On Page 41 of my EON book, “Elements of Numbers: Fast and Easy Character Profiling,” I’ve described the location of a person’s Birth Chart, that denotes the “Internal and External Influences” and the “Father and Mother’s sectors.” Get a copy of my EON book – click here to buy – if you haven’t already purchased or read it; an affordable, value-added book read by tens of thousands of people globally, with positive feelings after knowing themselves and others better.

In my reply to Natalie, I mentioned about the need for her and her husband to put less stress and pressure on David, and to reduce the temptation of using monetary rewards as a “carrot and stick” way to encourage their son to study. From EON aspect, the signs are there. I wasn’t surprised by Natalie’s reply, “Basically, he put pressure on himself. For us as parents, we are happy as long as he passes.” I remembered having two FEN students (they’re married couples) attending my class. During the real-time case study session, they brought up the subject of their son being rebellious, don’t listen to them, and so on. I then shared in class my observations and explained why, interactively pointing to the numbers present on the chart. They were, in the beginning, in denial states, but changed after I explained how (correlation of numbers and elements) they, as parents, could have influenced their son’s behaviour. And by consequence, his rebellious responses to them.

I liked doing live case analyses, mostly because of my research experience and my 5W1H (What, Where, Who, When, Why, How) growing mindset, to identify and share relevant and logical profiling techniques. Although the students appreciated an experiential learning session, I benefited greatly from their interactions and comments on my observations. The phase, “to teach is to learn twice” has always worked for me. I learned from their different insights too.

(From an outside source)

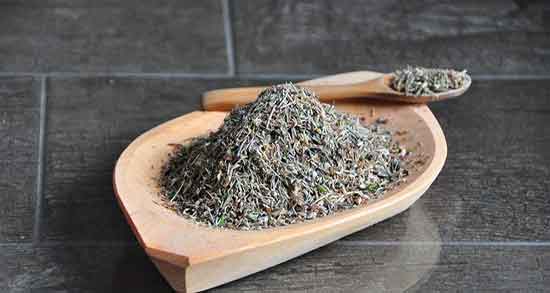 خواص کلپوره برای معده ؛ استفاده از گیاه کلپوره برای درمان زخم معده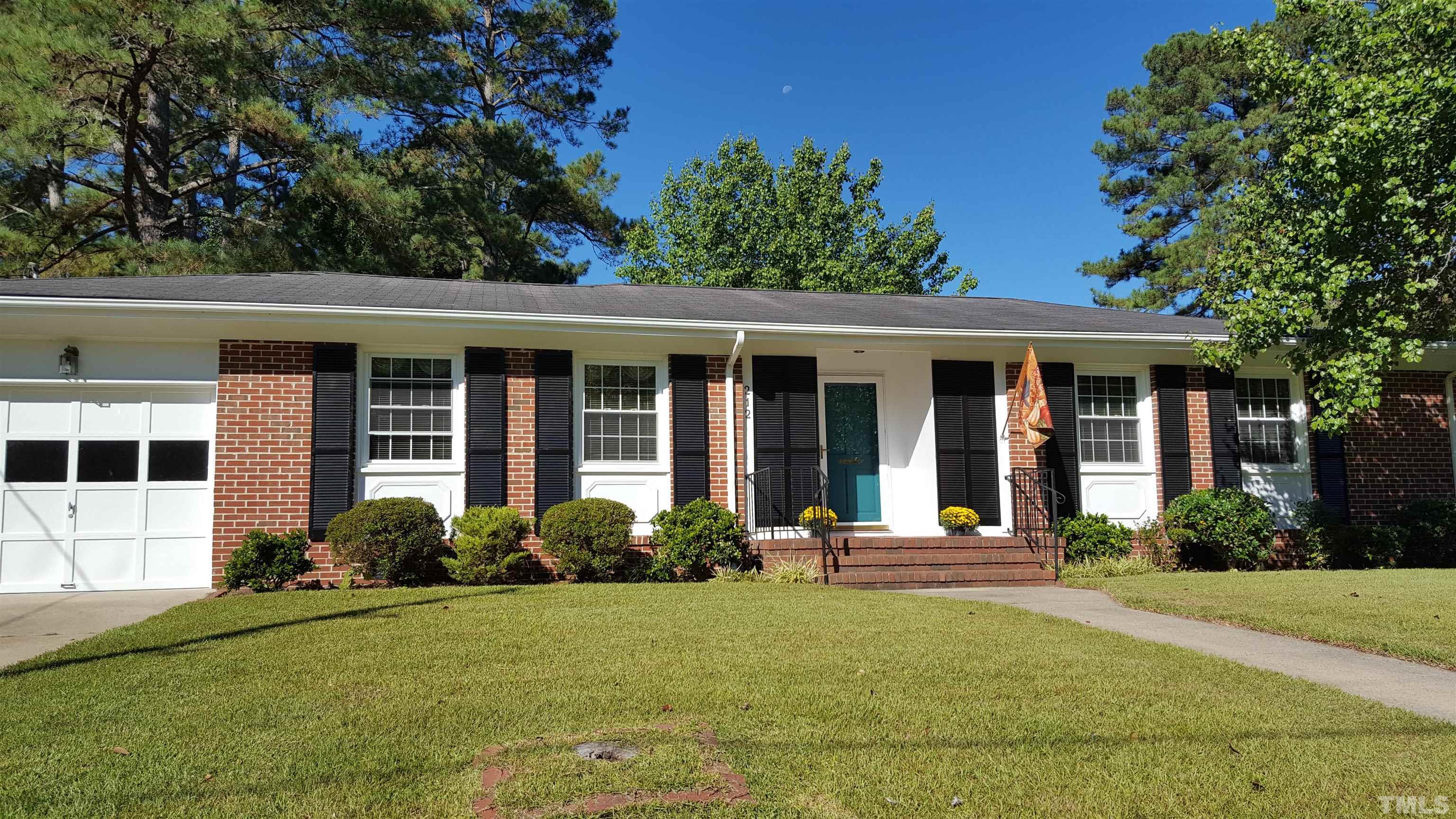 212 Longview Drive Smithfield, NC 27577 - Photo 15 of 15 front view of a house with a yard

From the Elements of Numbers (EON) perspective, David has both smart genes present in his chart – the book-smart and street-smart genes. The tendency signs suggest that David can study well; he is academically inclined and also resourceful. And perhaps, a “perfectionist” and a “selective listener” too. Oh… possibly someone who strives for quick success too. Now, if his study results are not as good as they are, there is always a contributing factor – communication between David and his parents. The tendency signs on his chart, suggest Natalie might be creating an unnecessary stumbling block on David, possibly controlling his actions. From a Transactional Analysis (TA) perspective, it’s like a “critical parent” ego state when she’s communicating with her child. And how would David react? He could be obedient, and imposes undue stress upon himself. Alternatively, he could retaliate into a “rebellious child” ego state, doing the opposite of what Natalie insisted. In TA, such communication is seen as a “critical parent – rebellious childego states, where communication is hard to accept by both sides, amicably. What Natalie needs to do is to communicate with David on an “adult to adultego state – give him the space and respect needed, and the choices to make his own decisions. And not to pick an option just to make his parents happy.

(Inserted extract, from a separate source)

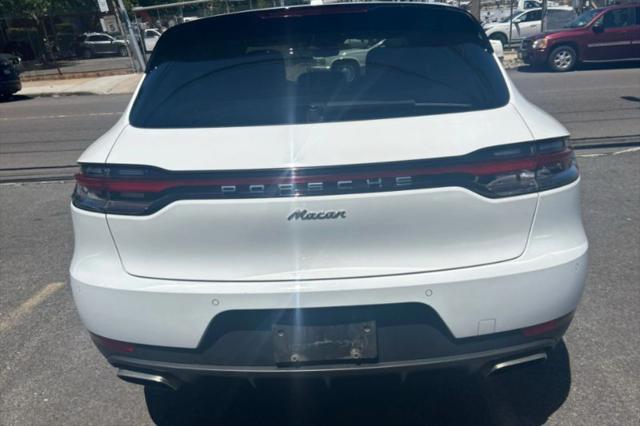 2021 Porsche Macan Base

The fact that Natalie is inquiring about the occupation is a telltale sign of “controlling” than “concerned” behaviour. Perhaps, Natalie might be oblivious to her behaviours toward David. Parents should not decide what they want their teenagers to do. They should not apply what they consider to be good for their children. Instead, they should encourage their children to think and study smartly, and to explore learning by understanding the concepts, not through presumptive listening. And let their children study in their own ways, multitasking or not, and decide who they want to be when they grow up as adults.

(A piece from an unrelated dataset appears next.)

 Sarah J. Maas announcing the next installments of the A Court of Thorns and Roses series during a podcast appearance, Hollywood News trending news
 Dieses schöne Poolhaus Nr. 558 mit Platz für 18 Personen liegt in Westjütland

It is up to Natalie and her husband to decide their parenting style on David. It is not too late to adopt a different kind of family upbringing – one that encourages their children to decide their personal future, or one, which restricts the future of their children. They could let David decide on his own future, enjoying his work and passion; or stick to the disciplinary family rules, to work in a job his parents are proud of, but he hated it.